80 years of research in the Goulburn Valley (part 6)

In the 1970s, the industry was facing a difficult time with increasing costs, returns for fruit rising slowly, and uncertain markets.

Rising costs, falling returns for growers (cont from last issue)
In the 1970s, the industry was facing a difficult time with increasing costs, returns for fruit rising slowly, and uncertain markets. Most orchardists were trying to survive—times were tough, returns were low.
The Tatura Horticultural Research Station needed to find ways of increasing profits for fruit production in the GV and the MV in north-central Victoria.
Productivity and cost of production had been running neck-and-neck in existing orchards for some time, and this worsened each year.
Research needed for solutions
Our research had to decrease cost of production of new orchards, not existing orchards.
The savings in existing orchards would generally have been too small, and costs were escalating quickly.
The two simplest solutions to cutting costs were:
to bring down the cost of production, that is, highest yield per unit of costs, rather than per unit of land
to obtain high yields early in the life of the planting, so costs could be recouped quickly.
Solution found in systems research
Close planting, tree arrangement, a support structure and an emphasis on tree training, provided those solutions.
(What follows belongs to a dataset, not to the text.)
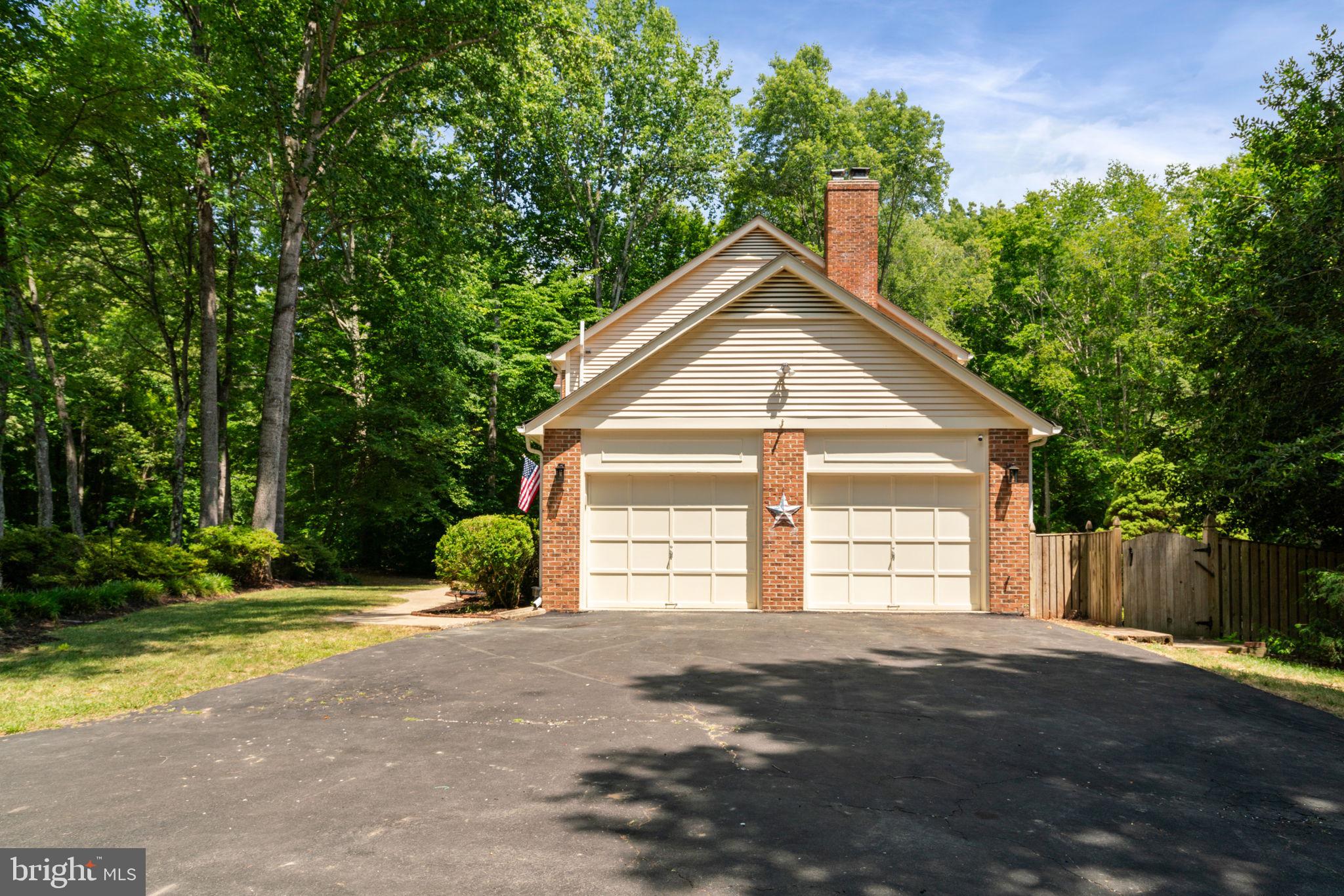 8213 Honeysuckle Road Manassas, VA 20112 - Photo 9 of 70 Gallery Image 9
A high-density orchard is an intensive orchard. A fruit tree has a bearing portion (foliage and fruiting buds) and a support portion (trunk and branches).
In a high-density orchard, more of the space is devoted to bearing and less to support. Therefore we needed to develop a new research method at the Station.
It was critical that we added a strategic focus to research activities. Sure, we needed more research, but we also needed better research. That premise underlies the approach of a new way of doing research, called systems research.
The only way of decreasing costs in Australia was through technical development. So the Tatura Horticultural Research Station aimed to develop technical efficiency in several ways to increase productivity of GV and MV orchards.